Jeremy Corbyn has set out his vision for new business tax rates and how his party would differ in the management of tax and welfare systems for the self-employed should Labour win at the next general election.

While some policies were welcomed by industry, both the CBI and the Federation of Small Businesses (FSB) have highlighted a series of reservations regarding these changes.

CBI deputy director-general Josh Hardie said much of what the Labour leader said in his recent speech was to be commended, but there remains a risk that some policies could have the reverse of their desired effect.

"With such significant economic challenges ahead, the UK needs a strong opposition firing on all cylinders and providing progressive, practical new ideas," he stated.

"The focus on research and development, infrastructure and education is encouraging, but artificially hiking wages and changing corporation tax could be investment dampeners, not drivers."

Mr Hardie went on to add that the Labour Party has delivered a somewhat inconsistent message surrounding its vision for the future relationship between the state and industry. It is therefore essential that the discrepancies are "ironed out" before the country is asked to go to the polls and elect its next government.

He did state, however, the CBI supports many of the initiatives being discussed by the party and hopes it can play a part in ensuring future prosperity for businesses of all sizes should Labour prove successful in its bid to move into office.

Meanwhile, in response to proposed changes for the self-employed, national chairman of the FSB Mike Cherry argued that the ranks of the self-employed continue to swell in the current financial climate and therefore a focus on delivering the best deal possible for this group is essential.
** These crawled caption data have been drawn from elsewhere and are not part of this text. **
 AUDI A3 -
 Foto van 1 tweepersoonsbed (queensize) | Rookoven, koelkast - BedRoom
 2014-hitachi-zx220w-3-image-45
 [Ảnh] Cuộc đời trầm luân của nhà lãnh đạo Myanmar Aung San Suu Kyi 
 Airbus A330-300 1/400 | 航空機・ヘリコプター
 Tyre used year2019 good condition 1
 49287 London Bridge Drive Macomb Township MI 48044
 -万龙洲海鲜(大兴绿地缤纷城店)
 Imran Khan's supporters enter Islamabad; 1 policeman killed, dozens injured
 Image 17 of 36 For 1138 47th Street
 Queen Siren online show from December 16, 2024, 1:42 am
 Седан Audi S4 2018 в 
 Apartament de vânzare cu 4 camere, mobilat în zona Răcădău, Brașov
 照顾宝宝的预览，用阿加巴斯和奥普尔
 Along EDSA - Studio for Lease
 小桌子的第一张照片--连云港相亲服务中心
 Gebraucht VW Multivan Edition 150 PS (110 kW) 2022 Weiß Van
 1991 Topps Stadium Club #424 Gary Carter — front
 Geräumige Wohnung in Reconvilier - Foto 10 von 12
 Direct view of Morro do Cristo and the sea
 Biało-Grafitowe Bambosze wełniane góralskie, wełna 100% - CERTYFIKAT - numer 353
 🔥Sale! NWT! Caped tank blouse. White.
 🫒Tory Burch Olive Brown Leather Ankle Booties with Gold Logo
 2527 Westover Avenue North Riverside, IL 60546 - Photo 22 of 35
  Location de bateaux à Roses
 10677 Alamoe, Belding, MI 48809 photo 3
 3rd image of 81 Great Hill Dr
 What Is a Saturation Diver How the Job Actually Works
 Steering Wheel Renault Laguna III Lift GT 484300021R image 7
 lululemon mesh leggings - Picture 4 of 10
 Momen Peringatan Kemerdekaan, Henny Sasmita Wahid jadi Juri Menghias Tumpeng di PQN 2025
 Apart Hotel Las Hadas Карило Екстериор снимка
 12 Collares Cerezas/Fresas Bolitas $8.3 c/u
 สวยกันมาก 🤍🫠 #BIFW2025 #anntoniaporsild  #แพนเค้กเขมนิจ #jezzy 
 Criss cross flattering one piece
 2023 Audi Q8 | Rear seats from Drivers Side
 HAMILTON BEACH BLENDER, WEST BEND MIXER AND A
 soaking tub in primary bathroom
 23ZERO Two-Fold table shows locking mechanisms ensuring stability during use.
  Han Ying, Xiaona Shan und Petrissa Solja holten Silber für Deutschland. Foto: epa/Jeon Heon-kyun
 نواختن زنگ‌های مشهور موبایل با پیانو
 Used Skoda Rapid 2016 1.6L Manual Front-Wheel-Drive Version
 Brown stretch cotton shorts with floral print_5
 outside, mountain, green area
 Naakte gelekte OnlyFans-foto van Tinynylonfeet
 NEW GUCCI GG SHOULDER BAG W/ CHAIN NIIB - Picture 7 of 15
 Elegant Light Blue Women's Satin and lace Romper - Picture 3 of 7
"All parties need to find ways to support this vital and growing sector of the workforce to help them make an even greater contribution to the UK economy," Mr Cherry commented.

"We have developed a clear set of policy recommendations to boost the self-employed, which we will be selling in to this review and to the government's Autumn Statement.

"These include moves on access to finance, bringing parity on maternity support, which lags behind employees and reducing complexities within Universal Credit so that, for the first time, it addresses the needs of the self-employed."

Mr Cherry's comments follow an invitation from Mr Corbyn for the FSB to take part in an independent review into how the existing tax and welfare systems treat the self-employed compared to the employed in the UK.